Por outro lado, a região metropolitana também enfrenta períodos de seca, e a cidade que pulsa sobre a água, volta e meia, sofre com a falta dela.
Era uma vez um rio com sete voltas
Perto da colina onde a vila de São Paulo de Piratininga foi fundada no século 16, o rio Tamanduateí, afluente do Tietê, era tão sinuoso que ganhou um nome a mais: Sete Voltas. Piratininga, aliás, significa peixe seco em tupi-guarani, uma referência aos peixes que morriam na várzea depois da cheia.
A paisagem começou a mudar no século 19. Segundo Janes Jorge, professor de história na Unifesp (Universidade Federal de São Paulo), São Paulo passou a mexer nos rios e a retificá-los por uma questão sanitária – para combater enchentes e a estagnação das águas -, mas logo o mercado imobiliário colocou sua força no processo.
"Os rios retificados produziriam mais salubridade. Além disso, a retificação liberava espaço para o mercado de terras. No século 20, esses dois motivos permaneceram. Uma parte do espaço retirado dos rios pelas retificações foi parar no mercado de terras, outra parte foi ocupada pelas avenidas", afirma o pesquisador.
"A proposta de tapar córregos também tinha relação com a salubridade e cada vez mais com a criação de espaço para uso urbano. Nesse caso, as grandes avenidas passaram a correr sobre os córregos sepultados."
O primeiro tamponamento, comenta Janes Jorge, aconteceu já no século 20, em 1906, quando o Anhangabaú passou a correr oculto no vale a oeste da colina central onde São Paulo foi fundada.
Rios para carros
De acordo com o professor da Unifesp, o processo de domar e esconder os rios ganhou na década de 1940 um "ritmo avassalador que perdurou por todo o século 20". Um grande impulso para a aceleração do processo foi a atuação do engenheiro Prestes Maia, prefeito nomeado da cidade de 1938 a 1945, durante a ditadura do Estado Novo.

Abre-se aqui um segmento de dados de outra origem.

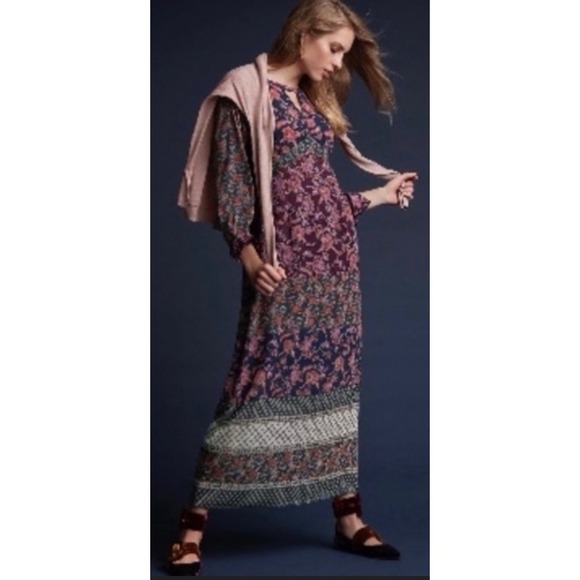 Cabi Maxi Dress Floral Print Long Sleeve‎ Bohemian Casual XS - Picture 1 of 4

Em 1930, Maia havia publicado o "Plano de Avenidas", um estudo para nortear o crescimento da cidade que influenciou a administração municipal mesmo depois da gestão do engenheiro.
Segundo Bartalini, o auge das canalizações e transformação de fundos de vale em avenidas aconteceu nos anos 70 e 80. Era, segundo o pesquisador da USP, uma política deliberada da prefeitura. "A principal causa da retificação e do tamponamento foi a estrutura viária, a construção de avenidas", diz o urbanista.
"Num terreno acidentado como o nosso, qual o melhor caminho para passar os carros? É ao longo das linhas de água, que são eixos de maior fluidez possível. Tráfego é um fluído tanto quanto a água. Os carros buscam a mesma lógica dos caminhos da água”, frisa o secretário municipal de Desenvolvimento Urbano, Fernando de Mello Franco, a respeito do processo histórico.
Na maioria dos casos, as avenidas não guardam sequer resquícios de que por baixo delas correm rios. Para Bartalini, os projetos das vias ignoraram completamente o potencial dos cursos de água. "Seria possível termos parques associados a avenidas em fundos de vale. É questão de desenho. O rio faz parte do imaginário e da memória. É equipamento e referência urbana, pode ser usado para o lazer. Se os planos tivessem atentado para isso, os rios ocupariam um lugar de afetividade, e os moradores ajudariam a mantê-los.”